Before installing FotoWeb 7.0 on your server:
1. Make sure the server meets the system requirements outlined in the previous topic.
2. Configure your network settings.
3. Install FotoWeb your server and configure it using the FotoWeb Admin Console. (Future versions of FotoWeb will support full administration through the Operations Center web interface.)
The details surrounding these steps are outlined below.
Since FotoWare 7.0 Service Release 2, the installers automatically take care of installing the required components on the server.
Having set up IIS you should make sure the server allows incoming client connections and that FotoWeb can communicate with the log server.
Communication between FotoWeb and its clients uses TCP port 80, the regular HTTP port, which must be opened in the server's firewall and in any proxy that stands between the FotoWeb server and the external network.
You will also need to open TCP port 7000 to allow system administrators to access the site through the Operations Center. If the FotoWeb server is placed in a DMZ, you will have to open port 7000 for administrators on your internal network.
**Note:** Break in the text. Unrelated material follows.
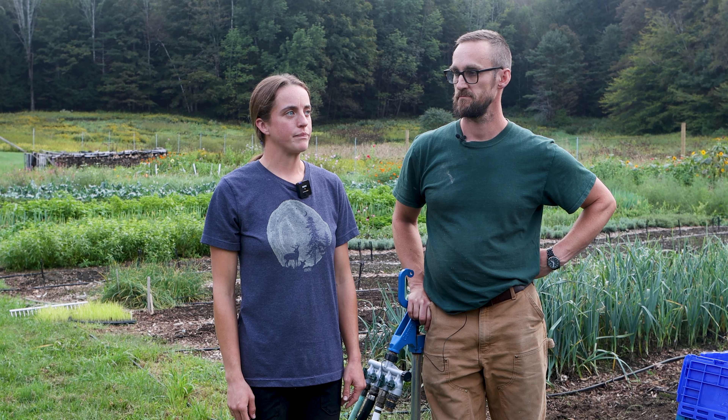I'm Lauren and this is Oliver, and we own Ascutney Harvest. We're in Ascutney, Vermont, and we grow on less than a half an acre — intensive market garden style, mixed veg, focusing on greens and herbs.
To make it easy for administrators and operators to access the Operations Center and the configuration panels for all installed server applications, we recommend that you enable single sign-on. This is achieved by using Internet Explorer as your web browser and adding the Operations Center server to your list of local intranet sites.
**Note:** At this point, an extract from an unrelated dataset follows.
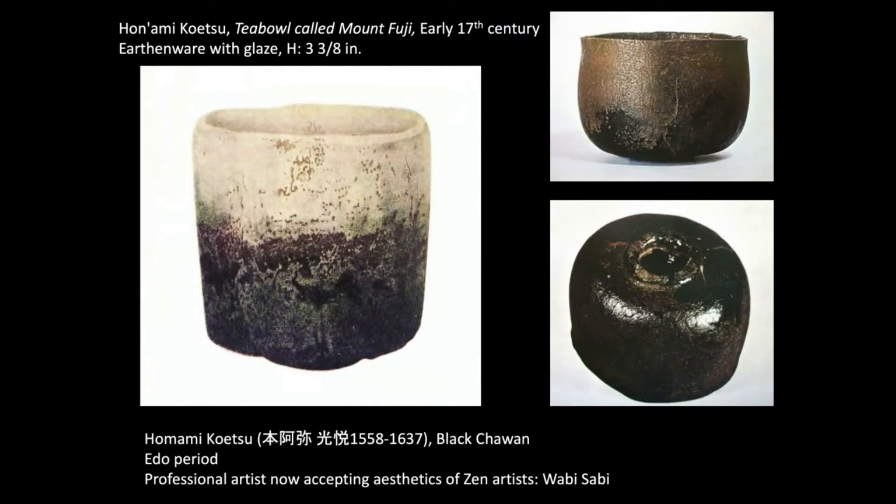With the popularity of tea ceremony, there are a lot of accessories that come with it. Honami Koetsu is a ceramic artist who made this tea bowl called Mount Fuji. Mount Fuji is a volcanic mountain whose top is covered by snow all year round — half white and half black with a little green tone — so this tea bowl is considered Mount Fuji embodied.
Also, as previously stated in the system requirements, FotoWeb communicates with the FotoWare Log Server using UDP port 7000. You should therefore make sure that no other services on the server claim this port and interrupt the logging service. Microsoft's DNS server can typically interfere with this port since it can be configured to use an arbitrary port. Hence, if you are using Microsoft's DNS server, you should make sure that it has been explicitly set not to not allow connections on UDP port 7000.
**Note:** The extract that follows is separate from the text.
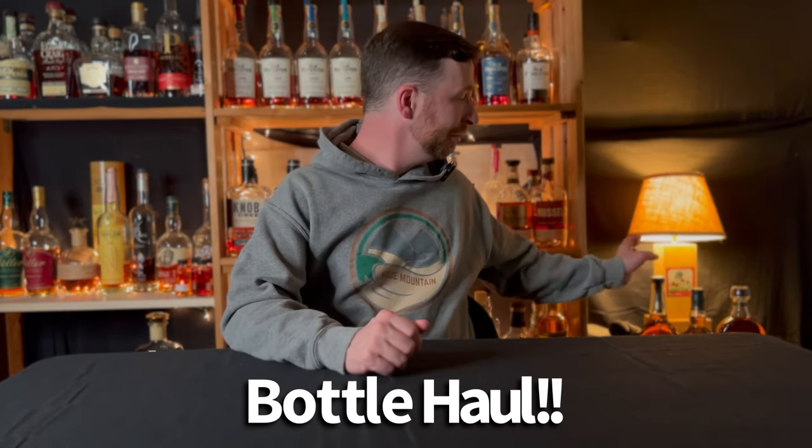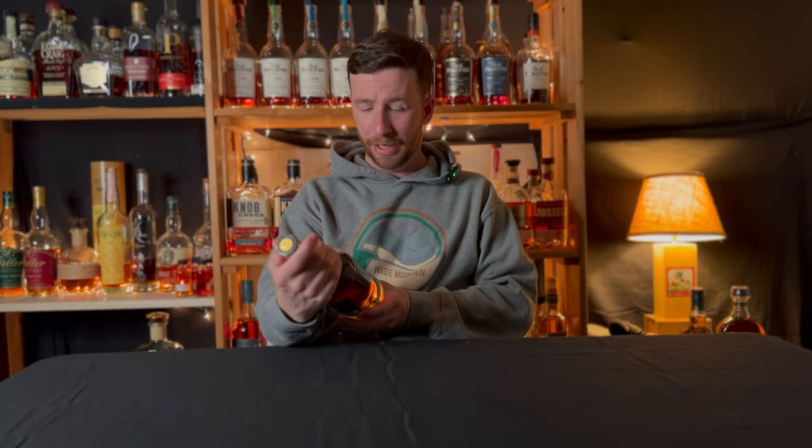Our next segment is the bottle haul for the week. I'll start with the first bottle — a familiar one on this channel — the Old Forester Single Barrel 100 proof. I have it out because I'm doing a giveaway to commemorate hitting 1000 subscribers, and this is the bottle I'm giving away. I went back to the store and got the last one on the shelf. I chose it because it's a really good bottle and single barrels, especially 100 proof, aren't available everywhere.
FotoWeb requires the Index Manager search engine to allow advanced metadata searches. Communications between these two server applications is based on the FotoWare Protocol, which by default runs on port 7000. The FotoWare Protocol allows FotoWeb to pass searches and edit metadata on the files in the archive without having physical file access, since it is Index Manager that performs these operations on the file level.
However, FotoWeb relies on direct file access over SMB for downloads and workflows as well as for high-resolution zooming of files in the archive. Hence, the process account set on the FotoWeb server should have access to the share containing the archived files. For the specific access permissions required, please refer to this topic: Permissions on Indexes and Archives
When installing FotoWare server software on a Windows 2008 server, the default User Access Control settings on the server may need to be modified by changing a setting in the Local Security Policy. An explanation will be in order:
As outlined in the System Requirements, the process account that is used for accessing files on the server or domain needs to be a member of the local Administrators group on the server where the FotoWare software is installed. It also needs to be a member of the FotoWare Administrators group that is created on the server during installation of the Operations Center. (The Operations Center installer will automatically put all members of the Administrators group into the FotoWare Administrators group. You can remove users that you do not want to be able to configure FotoWare services by manually removing them from the FotoWare Administrators group after installation.)
However, Windows Server 2008 has different User Access Control settings for the built-in Administrator account than other users that are subsequently added to the Administrators group. Specifically, the built-in administrator does not need to validate administrative tasks (what Microsoft calls "Admin Approval Mode"), while users that you manually add to the Administrators group will need to do so by default.
Hence, if you create a new user on the local server, or a domain user for that matter, that you add to the Administrators group and the FotoWare Administrators group, this user will by default have Admin Approval mode switched on. This will interfere with the FotoWare services causing them to malfunction, so you will need to modify the Local Security Policy on the server to disable Admin Approval mode for all administrators. A step-by-step explanation follows. You can change this setting either before you install the FotoWare software or after, but you will not be able to configure or successfully run the FotoWare services until you have done so.
Open the Windows Menu (Start Menu) and choose Administrative Tools | Local Security Policy
Expand Local Policies, then click on Security Options.
Scroll down to near the bottom of the list where you find an entry called User Access Control: Run all administrators in Admin Approval Mode.
Double-click this entry and change its setting to Disabled. Then click OK to save the changes.
Restart the server for the changes to take effect.